Por sua vez, a expressão “cidadão de bem” costumava aparecer em conversas informais entre amigos e familiares, e em noticiários sensacionalistas. Nos últimos anos, no entanto, passou a ser amplamente usada em campanhas eleitorais, ganhando centralidade e novos contornos. Antes utilizada para designar “não criminosos”, a expressão passou a nomear também condutas políticas. “A separação entre ‘cidadão de bem’ e ‘bandidos’ seria usada para opor ‘direita’ e ‘esquerda’, com o objetivo de criminalizar o campo progressista e as pautas inclusivas”, afirma Corrêa.
Tanto a primeira quanto a segunda edição do dicionário foram desenvolvidas de forma colaborativa com pesquisadores de várias instituições. Cada um ficou responsável pela explicação de um ou mais verbetes. O linguista Rodrigo Borba, professor associado da UFRJ e responsável pelos verbetes sobre “ideologia de gênero” e “linguagem neutra”, explica que a estratégia da direita tende a ser a de se apropriar de palavras, conferindo-lhes novos sentidos para que circulem mais facilmente.

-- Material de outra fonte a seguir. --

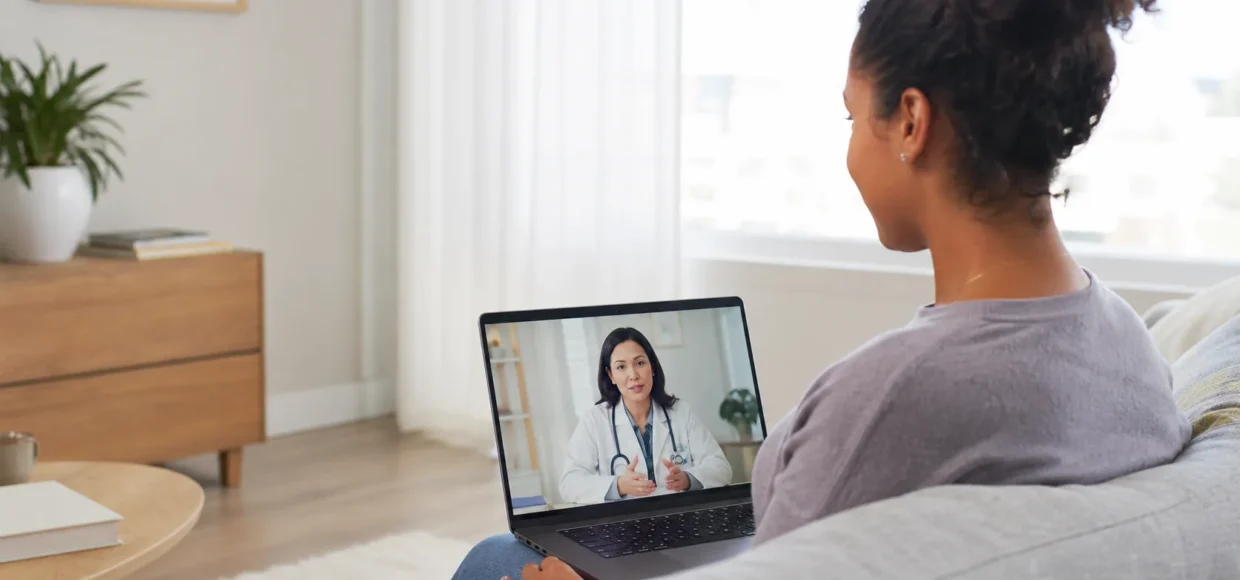 Patient using a laptop for a telehealth visit with a community health provider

Ele acrescenta que o léxico conservador é esquemático e costuma ser reproduzido com pouco questionamento pela imprensa. “Ele é mal compreendido até mesmo pelos políticos que dele fazem uso”, destaca. “É como se esses bordões sempre tivessem existido, ninguém se pergunta de onde vieram, quando e como foram criados e a que se referem.” O linguista lembra ainda que as palavras escolhidas pela direita também costumam ser consagradas, já sedimentadas na linguagem e dotadas de certa autoridade social.
Os pesquisadores esperam incluir outros verbetes em novas atualizações do dicionário. A expectativa é que o material circule não apenas nas escolas ou entre movimentos da sociedade civil e políticos, mas também nas famílias. “Essas palavras aparecem nas conversas na mesa do jantar e as pessoas brigam muito por causa delas”, afirma Borba. “Este é um bom material para educação política de todos e todas.”